5. The Lost Cause facilitated the reconciliation between North and South
By the end of the 19th century, the revision of the causes of the American Civil War had grown too wide acceptance among whites in both North and South. The military leaders of the contending armies, who had fought each other with abandon during the war, re-established the ties of brotherhood in most cases. Army officers leaned on their shared experiences at West Point and in the pre-war Army, and honored their respective leadership. With few exceptions, the leaders of Confederate troops gained respect as American soldiers, who had followed their sense of honor to great sacrifice.

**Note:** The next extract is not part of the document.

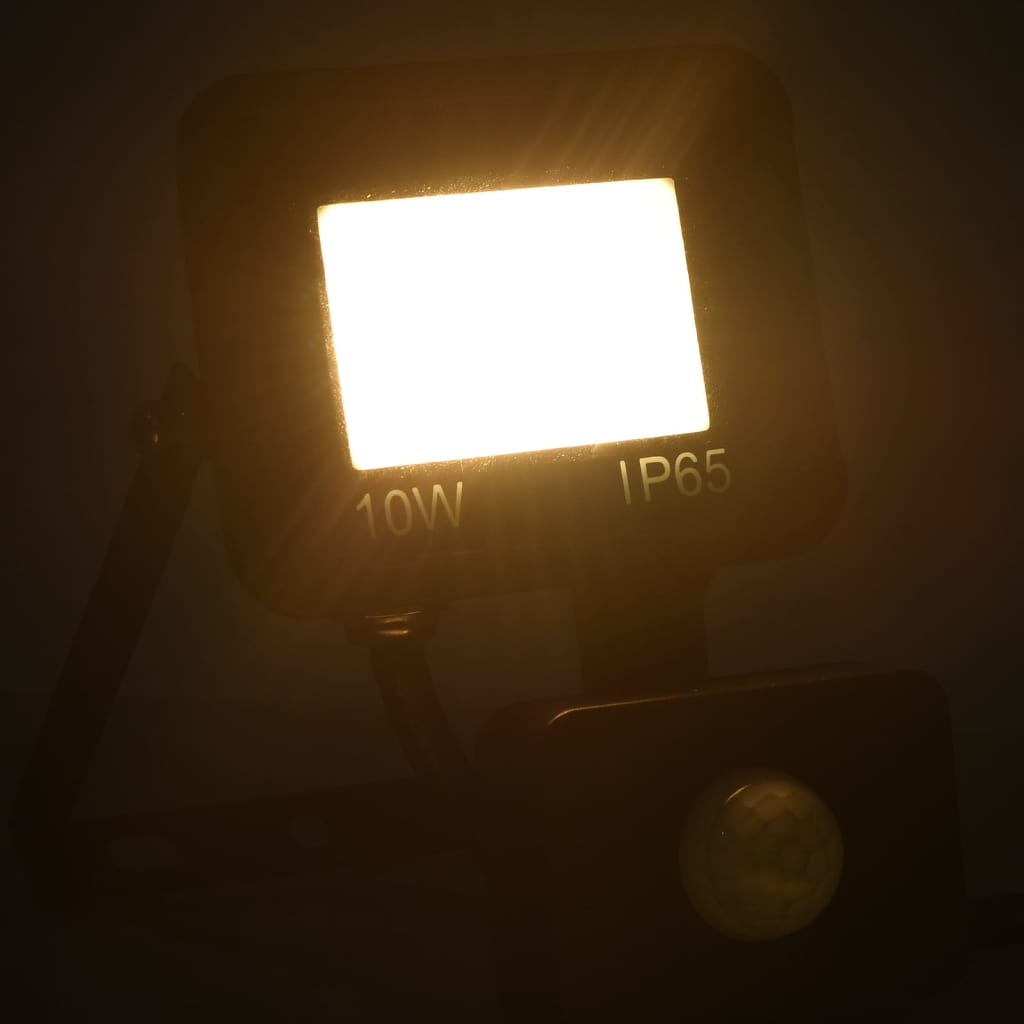 vidaXL meleg fehér fényű szenzoros LED-reflektor 10 W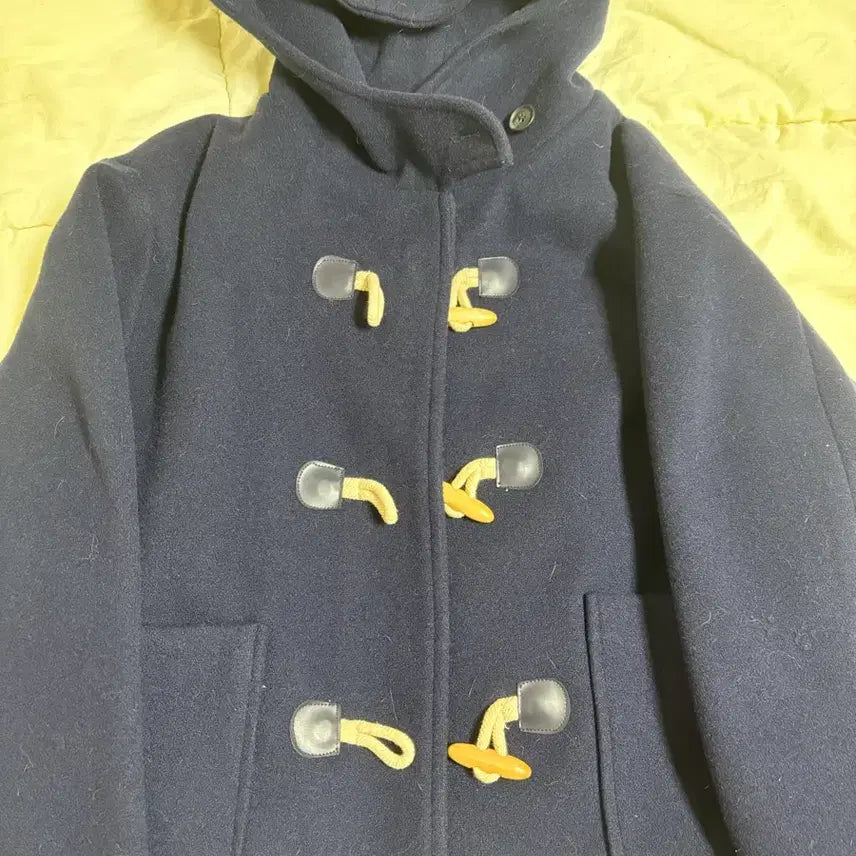 [BUNJANG] Navy Toggle Duffle Coat with Hood / 떡볶이 코트 팔아요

The United States Congress passed a law allowing the honorably discharged dead of the Confederate Army burial at the then new National Cemetery at Arlington in 1873, on the former site of the Lee-Custis plantation. In 1900 a designated section of the Cemetery allowed for Confederate dead to be buried in what became known as the Confederate Cemetery. In 1914, following a campaign spearheaded by the United Daughters of the Confederacy, the Confederate Monument, designed to celebrate the images of the Lost Cause, was unveiled at the Cemetery. The monument included two images of enslaved blacks, one depicting a “Mammy” caring for a white child, the other a loyal slave following his owner to war. Both images were stereotypes common to the myth of the Lost Cause.